▶ PROBLEM TO SOLVE
Repeat, line for line, only the span that opens at the "American Samoa Manu'atele" line and closes at the final line below. Skip the pictures.

▶ SUPPLIED DATA

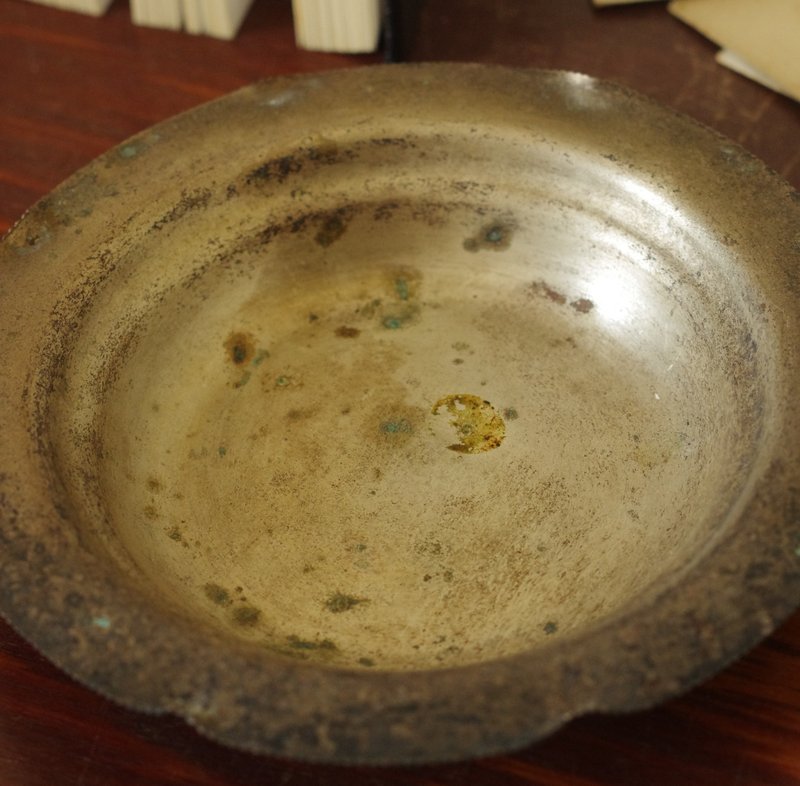 古董銀色電鍍小盤子 展示 W642 - 花瓶/花器 - 其他金屬 銀色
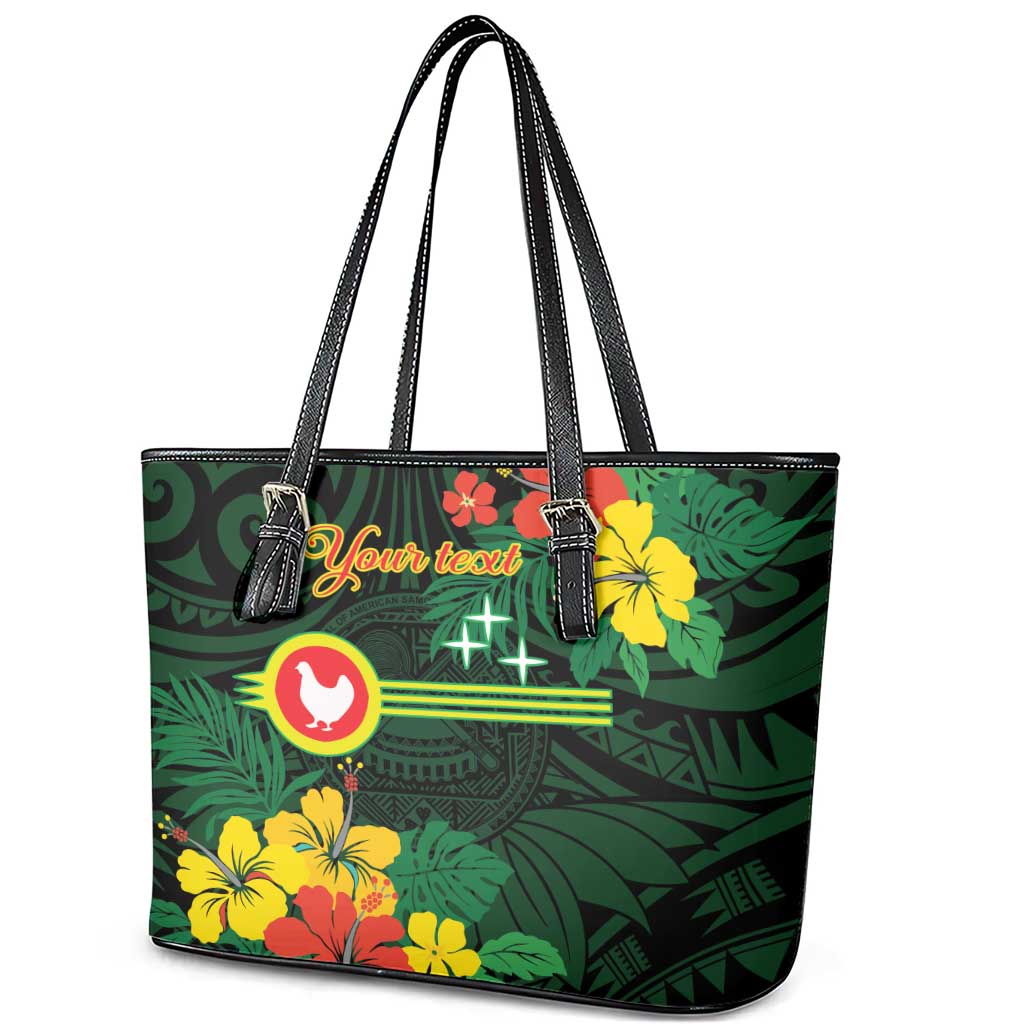 American Samoa Manu'atele Personalized Leather Tote Bag Manua Island Hibiscus Flowers LT9 - Polynesian Pride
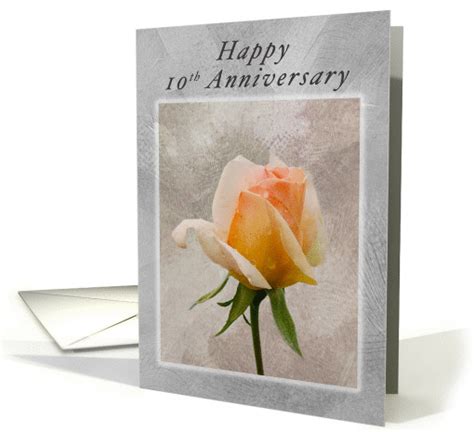 Happy 10th Anniversary Fresh Rose On A Textured Background Card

▶ RESPONSE TO THE EXERCISE
 American Samoa Manu'atele Personalized Leather Tote Bag Manua Island Hibiscus Flowers LT9 - Polynesian Pride
 Happy 10th Anniversary Fresh Rose On A Textured Background Card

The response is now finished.